Relato de um sobrevivente
A violência contra K.A. deixou marcas bem maiores do que somente uma lembrança ruim. No seu corpo, ainda se alojam duas balas, uma delas na medula, que pode deixá-lo tetraplégico.
K.A.foi baleado em março do ano passado. Junto com ele estava C.S.S., seu companheiro de movimento hip-hop e da Campanha Reaja ou Será Mort@. O primeiro conta que os dois estavam andando em uma rua de Salvador quando foram abordados por policiais militares em uma viatura, que pediram para os jovens levantarem a camisa para ver se estavam armados.
Momentos depois do veículo partir, eles foram abordados por dois homens, armados e à paisana, que os obrigaram a se ajoelhar, colocar as mãos na cabeça e tirar os bonés. K.A. e C.S.S. tentaram explicar que não haviam feito nada, mas, em seguida, os homens começaram a atirar. "Não deu tempo para se defender, chegaram atirando, chegaram na maldade, foi um ato de covardia mesmo. Eles ainda disseram 'e agora, negão, cadê vocês?'", relata K.A.
Ele levou três tiros, mas caiu consciente. Quando uma viatura chegou para socorrê-los, os policiais afirmaram que tratava-se de um caso de guerra entre gangues rivais. A comunidade, no entanto, não deixou que K.A. fosse levado pela polícia. "Todo mundo sabe disso lá, eles dão socorro mas acabam matando no meio do caminho, dizendo que a gente revidou", diz.
A espingarda calibre 12, que foi usada contra K.A., foi levada pelos PMs que tentaram socorrê-lo. A arma, porém, desapareceu depois. C.S.S. não sobreviveu aos tiros. Já K.A. ficou com seqüelas e hoje caminha com dificuldades. "O que eles fizeram não vai ser pago, porque eu não sou mais o mesmo desde que aconteceu isso. Eu estou com alguns problemas, mas C.S.S. perdeu a vida dele”.
Além de nunca ter recebido qualquer assistência do governo, nem mesmo passe livre, ele passou a ser perseguido e a sofrer ameaças, por ser testemunha da atuação de grupos de extermínio em Salvador.

Tentativa de suborno
Dona E., que teve o filho de 13 anos morto pela polícia, recebeu, em agosto deste ano, uma visita inesperada quando chegava do trabalho. Na porta de sua casa estavam três viaturas, policiais armados e um delegado de polícia, sem mandado, a fim de intimidá-la. Dona E. relata que, sem qualquer razão, o delegado bateu em seu rosto e a ofendeu, na frente de sua família.
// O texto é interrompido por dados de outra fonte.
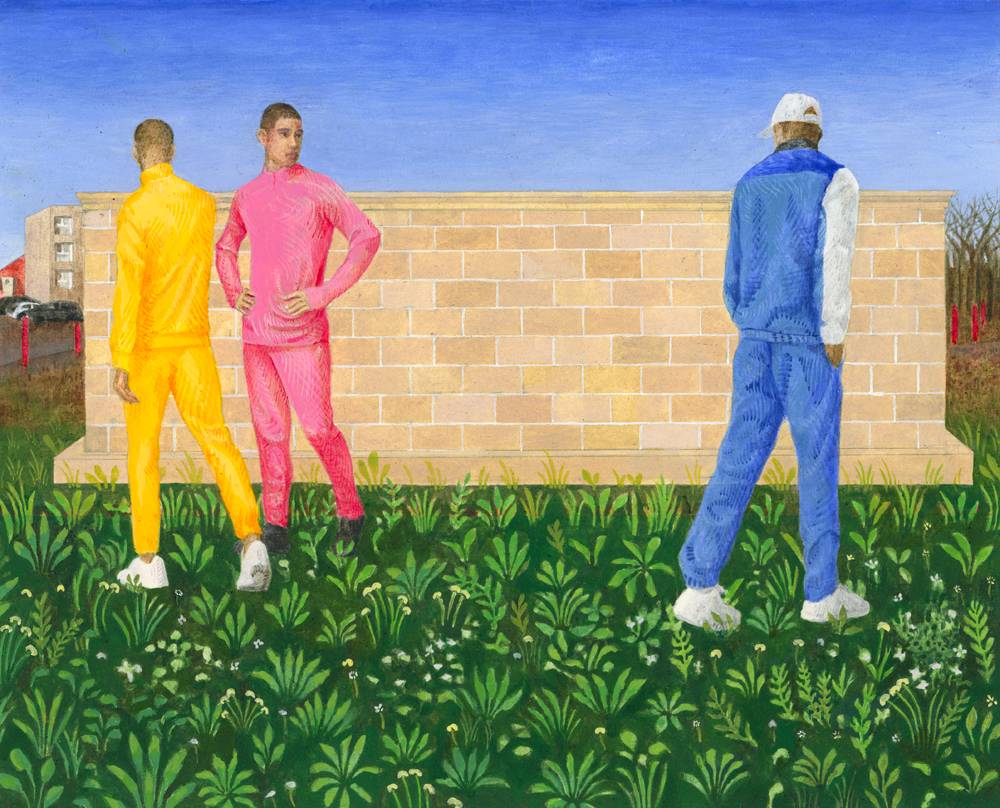 Jean Claracq, “Trois hommes et mur” (2021). Courtesy galerie sultana / jean claracq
Ela também conta que, ao tentar registrar queixa na delegacia onde atuava o delegado, os policiais avisaram que não iria adiantar. No entanto, o procedimento foi realizado, apenas com informações do delegado, que alegou que Dona E. havia tentado agredi-lo.
Para piorar, ela ainda denuncia uma tentativa de suborno. "O delegado tentou me convencer que aquilo não iria dar em nada e depois tirou cem reais e me deu. Eu disse que não iria aceitar, porque aquilo não iria pagar a humilhação que eu sofri e as pancadas que ele me deu", afirma.
Depois de recusar o dinheiro, ela recebeu um “alerta” do delegado: "E disse que me mataria, que mataria meus outros filhos, mataria minha mãe e toda a minha família". Por causa das ameaças, Dona E. não dorme mais direito à noite, com medo que a polícia invada sua casa.
Em seu depoimento no Tribunal, ela pediu providências para as arbitrariedades das forças se segurança. "Eles são acostumados a fazer isso, não falo só por mim, que já sofri minha violência. Um jovem é morto do nada e acaba sendo enterrado como marginal, e a maioria nem marginal é. Eles chegam matando e não querem saber", conclui.